Une vaste étude menée à Strasbourg sur près de mille patientes atteintes d’un cancer du sein démontre que les causes environnementales l’emportent largement sur les facteurs génétiques. Dirigée par la professeure Carole Mathelin, cheffe du service de chirurgie à l’Institut de cancérologie Strasbourg Europe (ICANS), cette recherche met en lumière l’impact des PFAS, pesticides et métaux lourds sur le développement des tumeurs.
Des résultats sans équivoque
Depuis 2020, les équipes de l’ICANS ont analysé des échantillons prélevés sur 931 patientes d’Alsace et de Moselle. Les analyses ont révélé la présence d’au moins un PFAS dans 96 % des tumeurs étudiées. Ces composés chimiques, surnommés « polluants éternels », se trouvent dans de nombreux objets du quotidien : emballages alimentaires, textiles imperméables, peintures ou produits ménagers et sont soupçonnés d’agir comme perturbateurs endocriniens. L’étude a également recensé 578 pesticides et une trentaine de métaux, dont du plomb, souvent retrouvé chez des patientes vivant à proximité de zones industrielles comme la vallée de la Moselle ou l’agglomération mulhousienne. Les chercheurs ont noté que les femmes minces étaient davantage exposées aux métaux et PFAS, tandis que les personnes obèses concentraient plus de pesticides dans leurs tissus adipeux.
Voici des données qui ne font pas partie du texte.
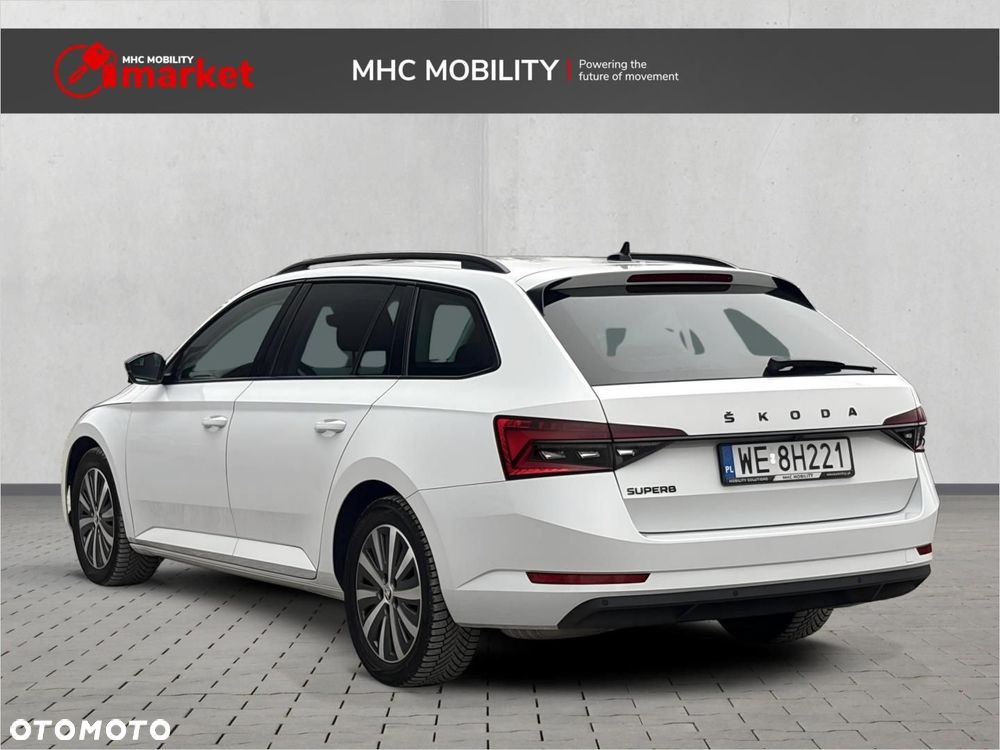 Skoda Superb 2.0 TSI Style DSG - 3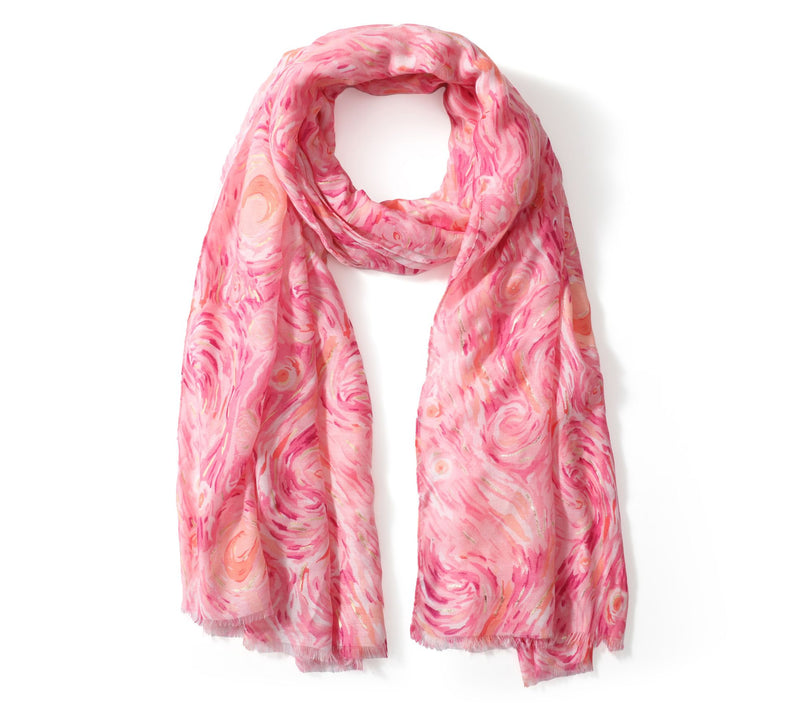 Youzey The Blossom 35" x 70" Scarf — View 3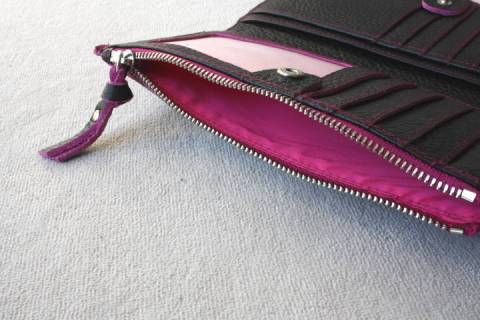 Mywalit Twin Zip - Ladys Purse 493-87 - Bild: a2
Une révolution dans la compréhension des causes du cancer
« Beaucoup de femmes touchées n’avaient aucun facteur de risque classique : elles faisaient du sport, ne buvaient pas, avaient une bonne hygiène de vie. Il fallait chercher ailleurs », explique la professeure Mathelin. Selon elle, les PFAS jouent clairement un rôle dans la survenue de certains cancers du sein. Les chercheurs rappellent par ailleurs que seulement 5 à 8 % des cancers du sein ont une origine génétique. Les autres seraient liés à des expositions cumulées à des substances chimiques.
Prévention et bon sens au quotidien
Face à ces résultats, Carole Mathelin recommande une vigilance accrue dans les usages domestiques : limiter les produits imperméabilisants, les insecticides, certains ustensiles de cuisine, et privilégier une alimentation locale et biologique. « Il faut toujours faire la balance bénéfice-risque avant d’utiliser un produit chimique », souligne-t-elle. Pionnière dans le dépistage, Strasbourg, première ville française à avoir instauré la mammographie en 1989, multiplie désormais les initiatives de prévention environnementale. Parmi elles, la distribution gratuite de paniers de fruits et légumes bio aux femmes enceintes, une expérimentation qui pourrait être étendue au niveau national.